[DATA EXTRACT]
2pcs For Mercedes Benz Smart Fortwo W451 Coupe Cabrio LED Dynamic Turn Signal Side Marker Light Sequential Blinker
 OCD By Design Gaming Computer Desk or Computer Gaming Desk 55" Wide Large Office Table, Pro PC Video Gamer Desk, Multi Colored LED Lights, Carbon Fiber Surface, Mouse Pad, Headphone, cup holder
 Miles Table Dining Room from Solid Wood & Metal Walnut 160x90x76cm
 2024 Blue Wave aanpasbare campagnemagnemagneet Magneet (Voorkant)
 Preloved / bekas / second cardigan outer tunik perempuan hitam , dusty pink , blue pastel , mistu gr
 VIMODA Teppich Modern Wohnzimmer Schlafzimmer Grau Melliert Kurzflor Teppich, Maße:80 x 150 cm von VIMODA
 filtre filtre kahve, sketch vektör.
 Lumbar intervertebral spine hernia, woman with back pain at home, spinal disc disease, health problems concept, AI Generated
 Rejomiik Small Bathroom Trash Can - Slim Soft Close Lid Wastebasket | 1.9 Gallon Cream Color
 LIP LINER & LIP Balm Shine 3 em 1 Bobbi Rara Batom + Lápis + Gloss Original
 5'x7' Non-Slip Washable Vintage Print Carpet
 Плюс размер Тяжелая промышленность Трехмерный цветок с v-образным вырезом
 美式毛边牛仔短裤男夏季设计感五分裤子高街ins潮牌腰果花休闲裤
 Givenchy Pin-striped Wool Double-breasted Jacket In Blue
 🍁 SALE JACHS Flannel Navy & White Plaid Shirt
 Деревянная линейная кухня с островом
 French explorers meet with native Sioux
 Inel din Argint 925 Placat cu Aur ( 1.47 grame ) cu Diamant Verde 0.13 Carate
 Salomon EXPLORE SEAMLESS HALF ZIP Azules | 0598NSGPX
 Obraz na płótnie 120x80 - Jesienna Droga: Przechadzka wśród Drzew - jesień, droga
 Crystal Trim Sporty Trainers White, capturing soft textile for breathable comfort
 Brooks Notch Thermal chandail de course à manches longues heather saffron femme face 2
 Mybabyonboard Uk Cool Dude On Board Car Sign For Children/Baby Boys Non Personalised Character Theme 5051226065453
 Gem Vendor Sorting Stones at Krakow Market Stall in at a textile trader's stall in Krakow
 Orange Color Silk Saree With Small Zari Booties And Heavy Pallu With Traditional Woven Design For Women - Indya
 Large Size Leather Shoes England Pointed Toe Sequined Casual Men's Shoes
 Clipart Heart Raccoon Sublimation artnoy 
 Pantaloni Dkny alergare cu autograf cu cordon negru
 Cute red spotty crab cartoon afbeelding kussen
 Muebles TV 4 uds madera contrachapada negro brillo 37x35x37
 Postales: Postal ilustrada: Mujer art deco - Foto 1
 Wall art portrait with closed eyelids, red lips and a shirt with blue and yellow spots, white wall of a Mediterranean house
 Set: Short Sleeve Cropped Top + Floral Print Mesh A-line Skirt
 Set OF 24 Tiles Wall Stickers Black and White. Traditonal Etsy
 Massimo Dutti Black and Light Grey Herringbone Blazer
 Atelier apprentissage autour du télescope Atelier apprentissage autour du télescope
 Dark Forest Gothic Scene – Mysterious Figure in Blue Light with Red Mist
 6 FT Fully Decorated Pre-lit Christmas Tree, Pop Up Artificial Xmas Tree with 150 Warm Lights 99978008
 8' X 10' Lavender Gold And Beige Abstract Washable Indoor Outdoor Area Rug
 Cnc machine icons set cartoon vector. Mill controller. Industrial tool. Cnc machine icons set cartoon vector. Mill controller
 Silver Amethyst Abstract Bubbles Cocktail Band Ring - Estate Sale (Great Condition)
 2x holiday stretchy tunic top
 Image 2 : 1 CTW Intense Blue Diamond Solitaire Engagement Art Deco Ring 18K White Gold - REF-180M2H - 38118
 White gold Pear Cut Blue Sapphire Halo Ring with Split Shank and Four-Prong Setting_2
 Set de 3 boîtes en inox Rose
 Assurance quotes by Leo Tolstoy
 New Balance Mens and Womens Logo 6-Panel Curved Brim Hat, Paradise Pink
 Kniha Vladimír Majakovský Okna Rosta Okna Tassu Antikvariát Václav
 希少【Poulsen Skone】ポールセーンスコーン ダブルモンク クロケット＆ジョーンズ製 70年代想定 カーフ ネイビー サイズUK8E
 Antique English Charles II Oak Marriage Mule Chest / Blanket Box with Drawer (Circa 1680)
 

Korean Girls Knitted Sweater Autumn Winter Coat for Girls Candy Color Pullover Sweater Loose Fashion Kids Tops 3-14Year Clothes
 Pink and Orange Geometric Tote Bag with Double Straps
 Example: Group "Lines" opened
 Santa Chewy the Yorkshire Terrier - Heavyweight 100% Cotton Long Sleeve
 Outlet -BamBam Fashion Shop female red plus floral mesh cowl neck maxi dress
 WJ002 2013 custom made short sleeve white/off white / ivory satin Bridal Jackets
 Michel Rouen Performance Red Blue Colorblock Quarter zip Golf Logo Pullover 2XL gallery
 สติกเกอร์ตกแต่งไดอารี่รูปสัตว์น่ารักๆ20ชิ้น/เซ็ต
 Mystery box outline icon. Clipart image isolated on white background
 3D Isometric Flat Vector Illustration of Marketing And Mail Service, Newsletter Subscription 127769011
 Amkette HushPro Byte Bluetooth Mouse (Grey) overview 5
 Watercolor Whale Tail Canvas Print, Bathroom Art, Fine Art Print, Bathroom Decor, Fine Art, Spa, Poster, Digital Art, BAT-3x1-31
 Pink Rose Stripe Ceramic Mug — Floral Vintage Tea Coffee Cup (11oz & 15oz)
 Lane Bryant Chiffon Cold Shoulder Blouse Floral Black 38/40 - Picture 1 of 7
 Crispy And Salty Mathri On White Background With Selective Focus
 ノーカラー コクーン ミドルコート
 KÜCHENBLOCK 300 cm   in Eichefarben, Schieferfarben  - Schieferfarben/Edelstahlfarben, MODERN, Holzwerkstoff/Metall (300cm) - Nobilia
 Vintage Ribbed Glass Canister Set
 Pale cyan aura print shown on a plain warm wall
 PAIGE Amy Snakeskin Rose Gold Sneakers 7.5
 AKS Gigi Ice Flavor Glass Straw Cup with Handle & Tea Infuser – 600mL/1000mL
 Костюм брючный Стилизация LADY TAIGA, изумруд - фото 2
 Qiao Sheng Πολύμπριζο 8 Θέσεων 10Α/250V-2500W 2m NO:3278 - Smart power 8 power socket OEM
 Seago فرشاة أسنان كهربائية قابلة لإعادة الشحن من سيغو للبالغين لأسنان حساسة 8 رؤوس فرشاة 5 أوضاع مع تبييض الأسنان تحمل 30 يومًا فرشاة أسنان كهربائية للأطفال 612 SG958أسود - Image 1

[EXERCISE]
Above are the entries. Quote exactly the lines from the one bearing "New Balance Mens" through the one bearing "Antique English Charles".

[RESPONSE TO THE TASK]
 New Balance Mens and Womens Logo 6-Panel Curved Brim Hat, Paradise Pink
 Kniha Vladimír Majakovský Okna Rosta Okna Tassu Antikvariát Václav
 希少【Poulsen Skone】ポールセーンスコーン ダブルモンク クロケット＆ジョーンズ製 70年代想定 カーフ ネイビー サイズUK8E
 Antique English Charles II Oak Marriage Mule Chest / Blanket Box with Drawer (Circa 1680)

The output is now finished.